Global financial markets were jolted on Friday following U.S. President Donald Trump’s announcement of a sweeping new wave of tariffs on exports from nearly 70 countries, sparking international concern and a flurry of negotiations aimed at avoiding deeper trade disruption.

Under a presidential order issued this week, new import duties ranging from 10% to 41% will come into effect within seven days. Key U.S. trading partners have been hit with steep rates: 35% on Canadian goods, 50% on Brazilian exports, 25% on Indian products, 20% for Taiwan, and 39% for Switzerland. Goods from countries not explicitly listed in the order will face a flat 10% tariff.

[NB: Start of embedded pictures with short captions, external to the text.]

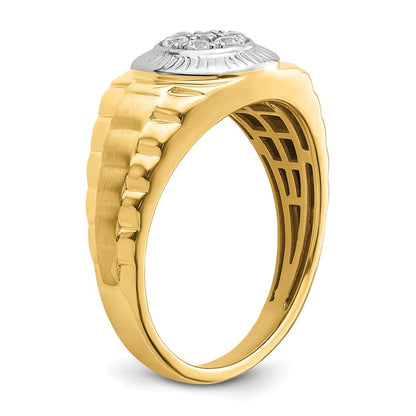 14K Bicolor Herrenring mit 0,25 ct. im Labor gezüchteten Diamanten VS/SI+ G+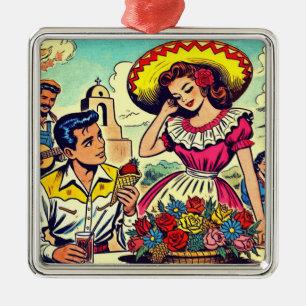 Ornement Carré Argenté Retro Love Couple Comic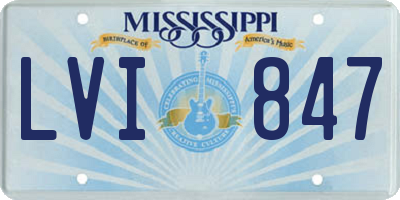 MS license plate LVI847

The measures mark a sharp escalation in the Trump administration’s ongoing efforts to reshape global trade, pushing the United States’ average effective tariff rate to approximately 18% — up from just 2.3% last year, according to Capital Economics.

The announcement triggered a wave of volatility in markets. European shares dropped early, with the Stoxx index down around 1% and heading for its worst weekly performance since April. Futures on the Nasdaq and S&P 500 also fell by roughly 1%.

Although the market reaction was less severe than in April when the first round of tariffs was introduced, economists warn that the costs are already being felt. U.S. Commerce Department data released Thursday showed prices for home furnishings and durable goods rose by 1.3% in June, the sharpest increase since March 2022.

Global Pushback and Negotiations

Several affected nations said they are seeking talks with Washington to lower their tariff burdens.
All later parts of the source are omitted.